Analyze in deep, there is an extra field on the configured proposals that the peer is not sending.

 

configured proposals: ESP:AES_CBC_256/HMAC_SHA1_96/MODP_4096/NO_EXT_SEQ

 

Received proposals:
ESP:AES_GCM_16_256/NO_EXT_SEQ,
ESP:AES_CBC_256/HMAC_SHA1_96/NO_EXT_SEQ,
ESP:3DES_CBC/HMAC_SHA1_96/NO_EXT_SEQ,
ESP:AES_CBC_256/HMAC_SHA2_256_128/NO_EXT_SEQ,
ESP:AES_CBC_128/HMAC_SHA1_96/NO_EXT_SEQ,
ESP:3DES_CBC/HMAC_SHA2_256_128/NO_EXT_SEQ

 

MODP_4096 is DH group 16, which vedges has configured for PFS (perfect-forward-secrecy) on phase 2 (IPsec section).

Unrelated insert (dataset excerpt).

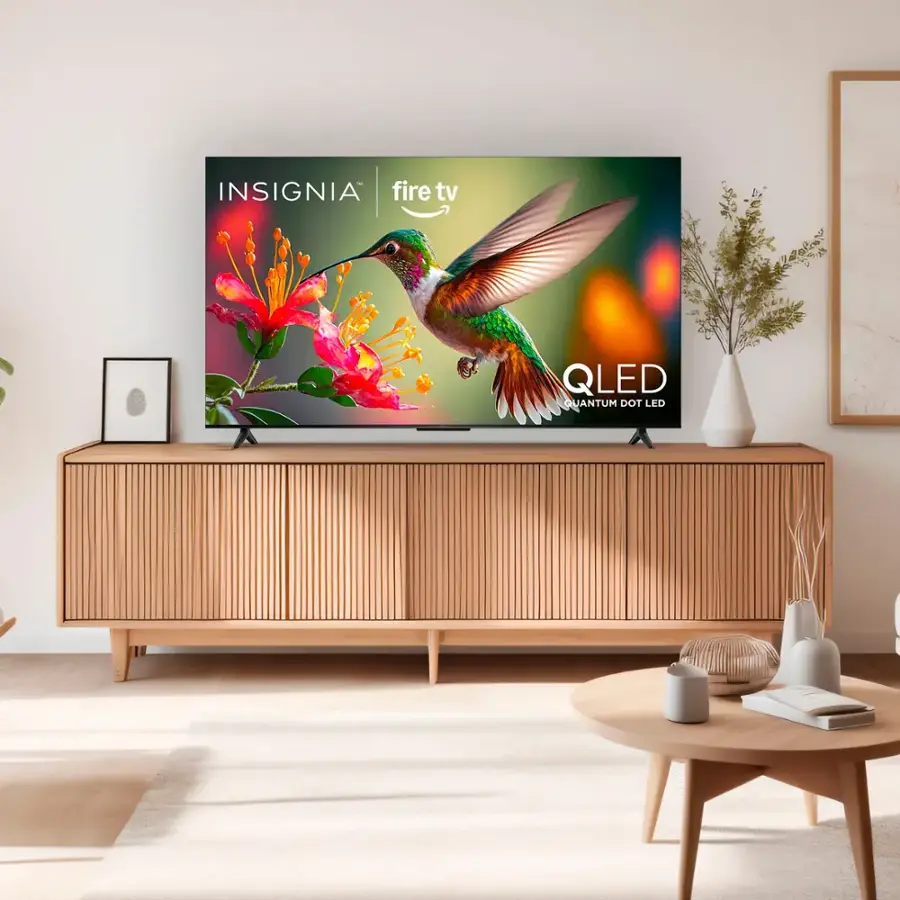 INSIGNIA I fire tv QLED QUANTUM DOT LED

PFS is the only mismatch configuration in which the tunnel can be successfully established or not according to who is the initiator or responder in the IKE negotiation. However, when the rekey starts the tunnel is not be able to continue and this symptom can be presented or related to.

 

vEdge IPSec/Ikev2 Tunnel Not Getting Re-initiated After Being Torn Down Due to a DELETE Event

See Cisco bug ID CSCvx86427 for more information about this behavior.

 

As the issue perseveres, the IKE debugs are the best options. However, for this particular bug if debugs are enabled no information is displayed neither the terminal nor the message file.

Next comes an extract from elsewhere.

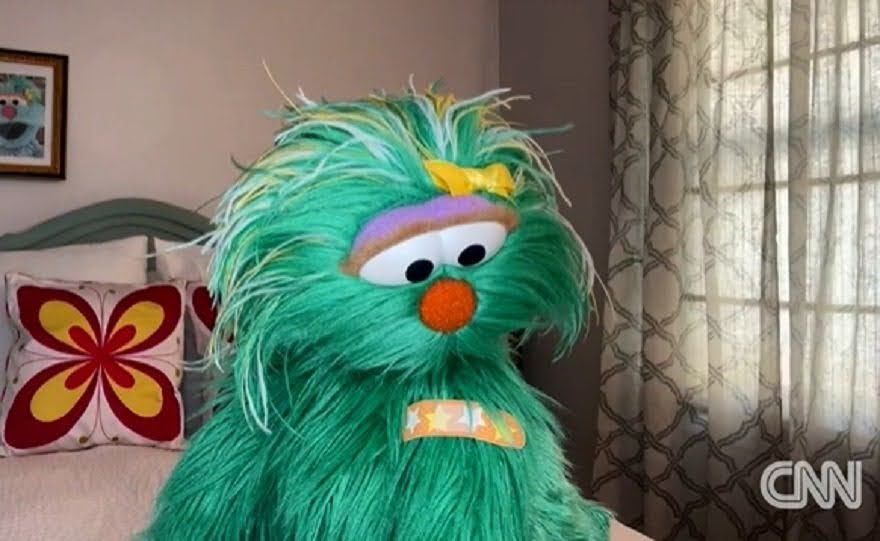 Sesame Street propagandizes for the Kids' Jab-e1b6f41d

To narrow down this issue and verify if vEdge hits the Cisco bug ID CSCvx86427, it is needed to find the moment when the tunnel goes down.

 

identify the points before the troubleshoot starts:

 

  1. IPsec tunnel (Number) with issues and configuration.
  2. The timestamp when the tunnel went down.
  3. IPsec peer IP address (Tunnel destination)

 

After the timestamp is identified, and the time and logs are correlated,  review the logs just before when the tunnel goes down.

 

Apr 13 22:05:21 vedge01 charon: 12[IKE] received DELETE for IKE_SA ipsec1_1[217] 
Apr 13 22:05:21 vedge01 charon: 12[IKE] deleting IKE_SA ipsec1_1[217] between 10.16.0.5[10.16.0.5]...10.10.10.1[10.10.10.1]
Apr 13 22:05:21 vedge01 charon: 12[IKE] deleting IKE_SA ipsec1_1[217] between 10.16.0.5[10.16.0.5]...10.10.10.1[10.10.10.1]
Apr 13 22:05:21 vedge01 charon: 12[IKE] IKE_SA deleted
Apr 13 22:05:21 vedge01 charon: 12[IKE] IKE_SA deleted
Apr 13 22:05:21 vedge01 charon: 12[ENC] generating INFORMATIONAL response 4586 [ ]
Apr 13 22:05:21 vedge01 charon: 12[NET] sending packet: from 10.16.0.5[4500] to 10.10.10.1[4500] (80 bytes)
Apr 13 22:05:21 vedge01 charon: 12[KNL] Deleting SAD entry with SPI 00000e77
Apr 13 22:05:21 vedge01 FTMD[1269]: %Viptela-AZGDSR01-FTMD-6-INFO-1000001: VPN 1 Interface ipsec1 DOWN
Apr 13 22:05:21 vedge01 FTMD[1269]: %Viptela-AZGDSR01-ftmd-6-INFO-1400002: Notification: interface-state-change severity-level:major host-name:"vedge01" system-ip:4.1.0.1 vpn-id:1 if-name:"ipsec1" new-state:down

Note:  There are multiples DELETES packets on an IPsec negotiation, and the DELETE for CHILD_SA is an expected DELETE for a REKEY process, this issue is seen when a pure IKE_SA DELETE packet is received without any particular IPsec negotiation. That DELETE removes all the IPsec/IKE tunnel.